An analysis of the results shows that the average top diameters D were greater than the average bottom diameters D. This may be related to simultaneous side wall tool wear during the drilling process. The larger side gap in the hole’s bottom area could not provide the conditions under which electrical discharges occur. However, the average value of the bottom diameter increased as the current amplitude I increased (in spite of the hole’s conical shape). Figure 5 and Figure 6 present the dimensional shape of the holes for extreme values of applied current amplitude. An increase in current caused a higher amount of energy to be transferred in a single discharge; thus, a higher amount of material was removed. For I > 4 A, the drilled holes were characterized by a higher aspect ratio (AR > 10). A higher AR prevented the removal of debris (due to insufficient flushing in the machining area’s inter-electrode gap and the side gap at the bottom of the hole) and strengthened the accumulation of debris. The conditions in the machining area could produce secondary discharges that would expand the bottom diameter. In this case, an increase in the bottom diameter could produce a decrease in tap. At the maximal value of applied current I = 4.65 A (U = 100 V and t = 550 µs), the taper angle of the hole was reduced to the minimum value (about zero) (Figure 7a).

Figure 5

The profile of the drilled hole for the minimum value of applied current amplitude I = 3 A, U = 100 V, t = 550 μs, and aspect ratio AR = 6.

Figure 6

The profile of the drilled hole for the maximum value of applied current amplitude I = 4.65 A, U = 100 V, t = 550 μs, and AR = 19.

Figure 7

Relationship between the current amplitude (I) and the discharge voltage (U) and the process’s performance: (a) taper angle (tap); (b) aspect ratio (AR); t = 550 µs.

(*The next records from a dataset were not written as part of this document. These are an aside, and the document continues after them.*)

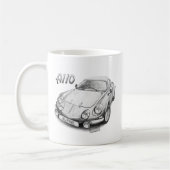 Alpines A110 Kaffeetasse (Links)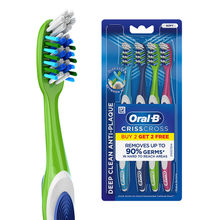 Oral-B Criss Cross Toothbrush Buy 2 Get 2 Free (Soft)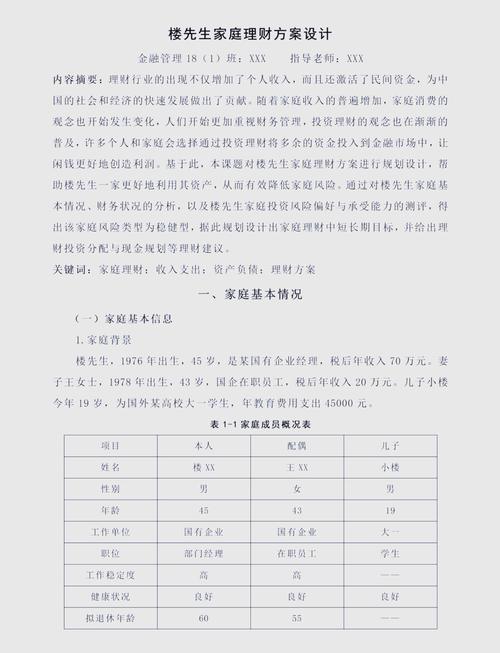 本息保障投资理财规划-第1张图片-华宇铭诚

The results showed that the drilling speed (v) depended mainly on the discharge voltage U and the current amplitude I. The pulse time (t) had an insignificant effect on the drilling speed. The amount of removed material depended on the energy in a single discharge. A higher U and I would cause a higher discharge energy and an increase in the drilling speed. In addition, a higher discharge voltage (U = 100–120 V) could cause bailing and the evaporation of water. Gas bubbles could hinder the dielectric flow and the removal of debris. The highest values of drilling speed (v = 10 µm/s) and aspect ratio (AR = 23) were obtained for the machining parameters U = 120 V, t = 282 µs, and I = 4.32 A. The analysis of the results showed a decrease in the taper angle (tap = 0.006) in the case where a higher AR > 10 was obtained. This confirmed that the accumulation of debris was strengthened and a higher number of secondary discharges occurred. Since the same drilling time (t = 45 min) was applied in each experiment, it was concluded that the drilling performance influenced the obtained AR values (Figure 7b).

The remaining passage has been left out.